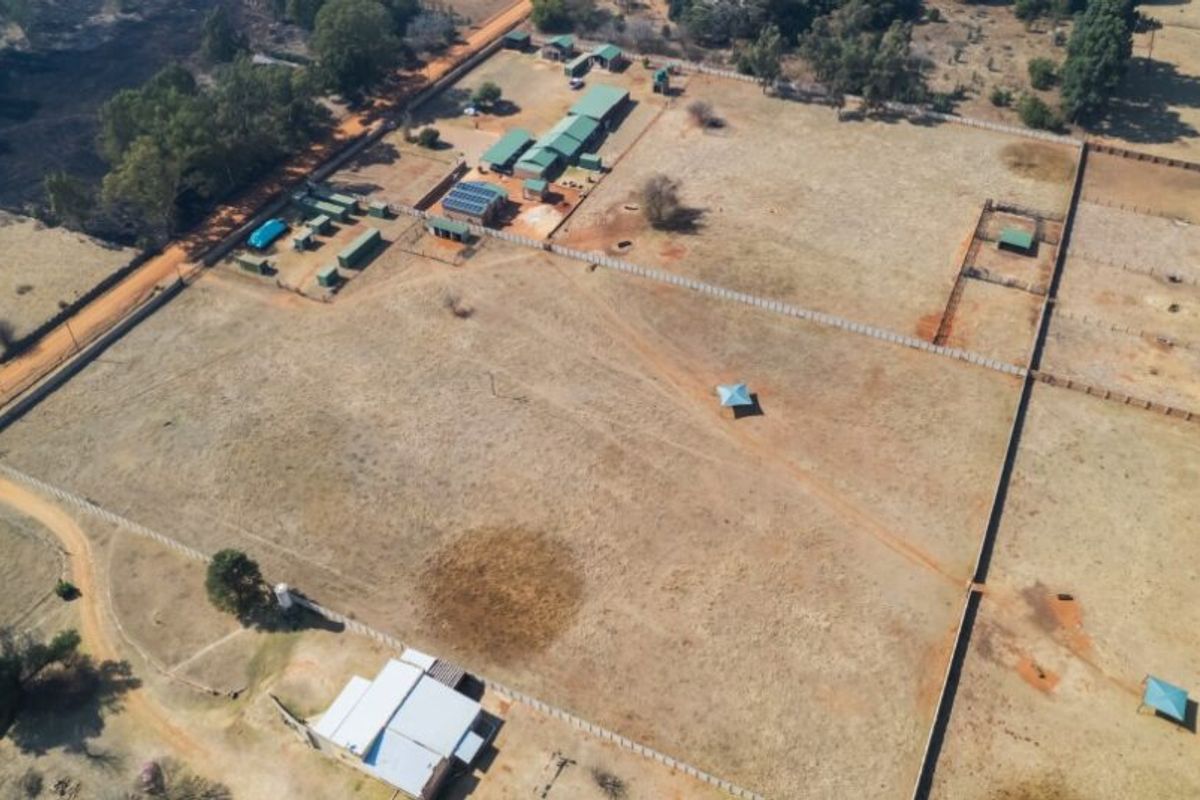 Aerial view of a large farm property featuring multiple outbuildings, fenced paddocks, solar infrastructure, and open grazing land.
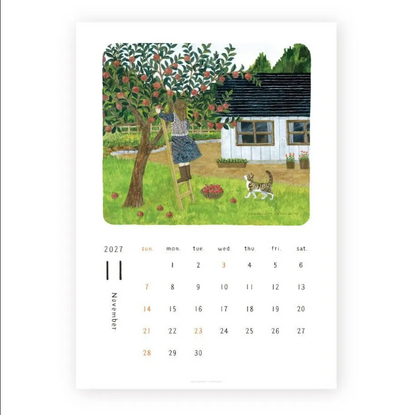 A single-page 2027 calendar print showing November with an illustrated apple orchard scene above the calendar grid. The artwork depicts a person climbing a ladder toward an apple tree next to a white cottage, with a cat in the foreground.
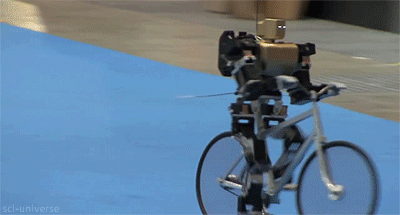 Гифка Робот на велосипеде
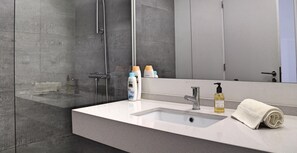 Un bagno moderno con un ampio specchio, un lavandino bianco, un soffione doccia a mano e articoli da toilette sul ripiano.
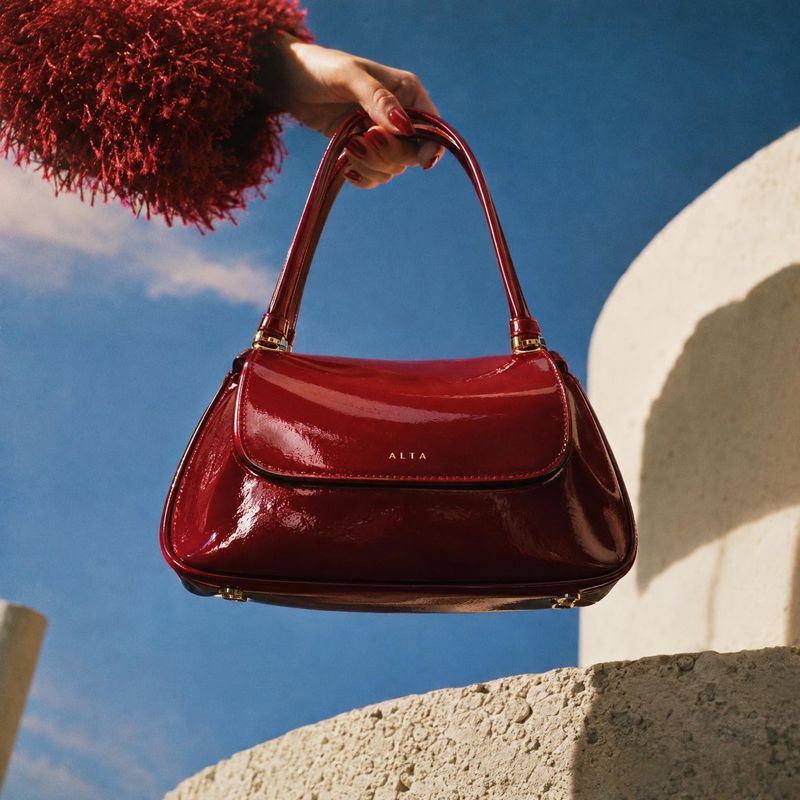 burgundy handbag product in hand product photo: A glossy burgundy handbag is presented by a manicured hand against a vivid blue sky and sunlit stone, creating…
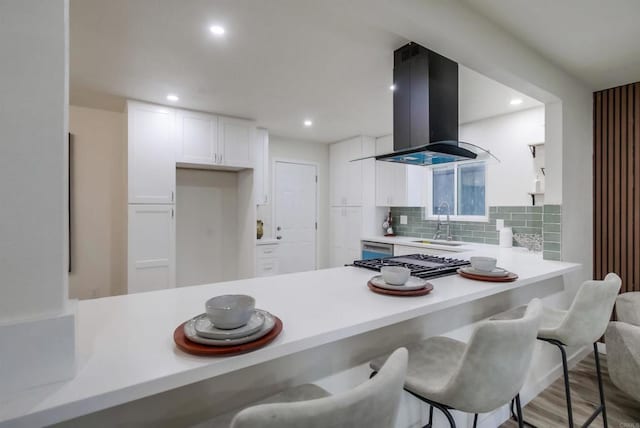 kitchen with stainless steel gas cooktop, a breakfast bar area, white cabinetry, island range hood, and kitchen peninsula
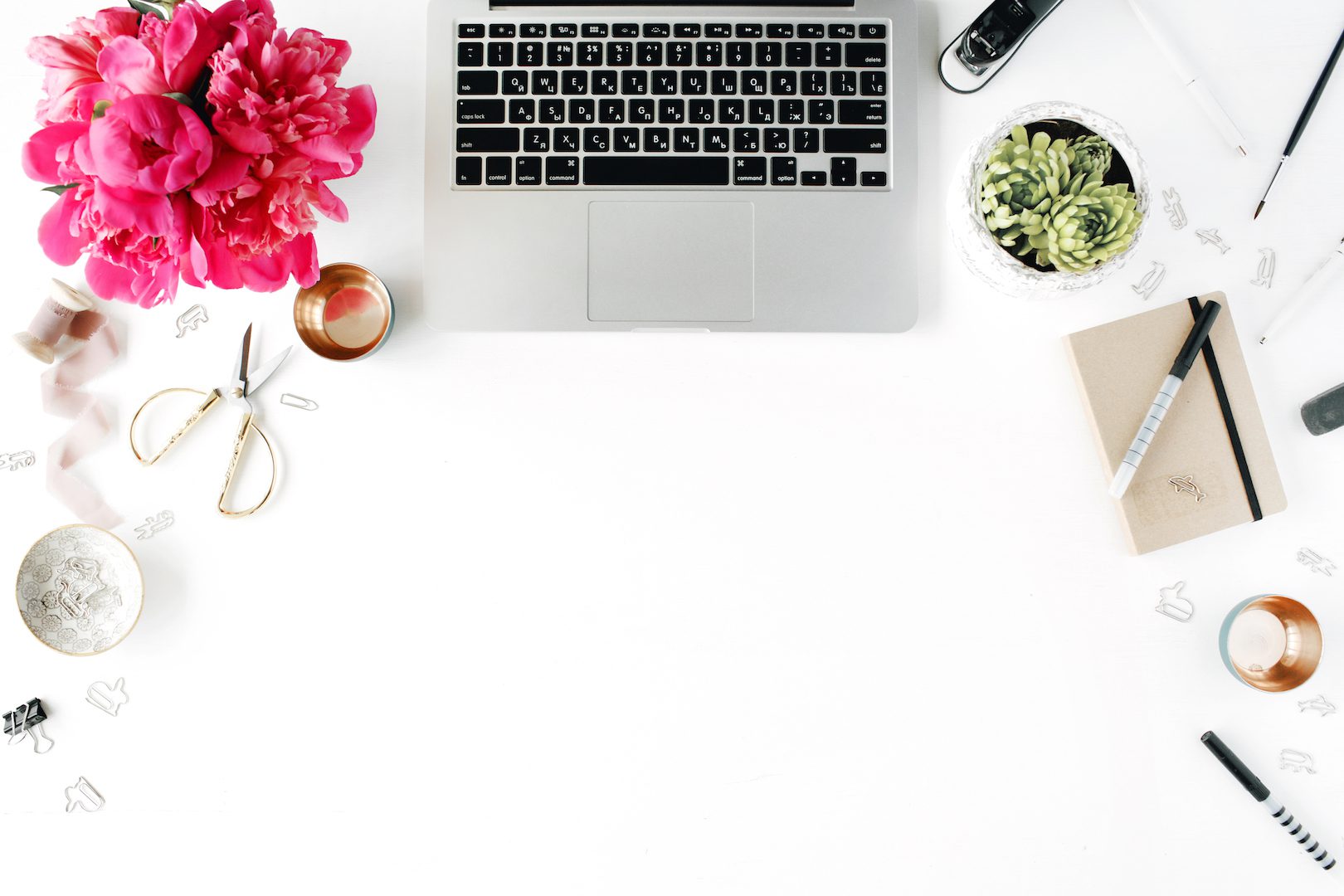 A white desk with a laptop and pink flowers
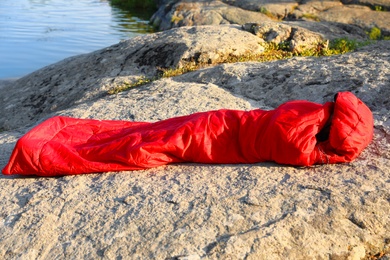 Photo of Woman resting in sleeping bag resting near lake on sunny day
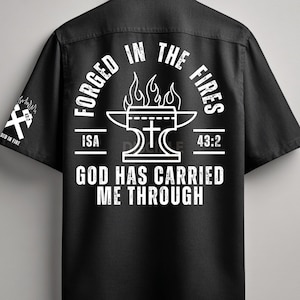 Puede incluir: Camisa negra con texto y gráficos blancos. La parte posterior presenta las palabras "FORGED IN THE FIRES" alrededor de un diseño de yunque y cruz, con "ISA 43:2" y "GOD HAS CARRIED ME THROUGH". La manga izquierda tiene un gráfico blanco.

★ ★ ★

## TASK DESCRIPTION
Quote word for word only the lines above from the one containing "A white desk with a laptop and pink flowers" through the one containing "Photo of Woman". Pictures stay out of your copy.

## TASK RESULT
 A white desk with a laptop and pink flowers
 Photo of Woman resting in sleeping bag resting near lake on sunny day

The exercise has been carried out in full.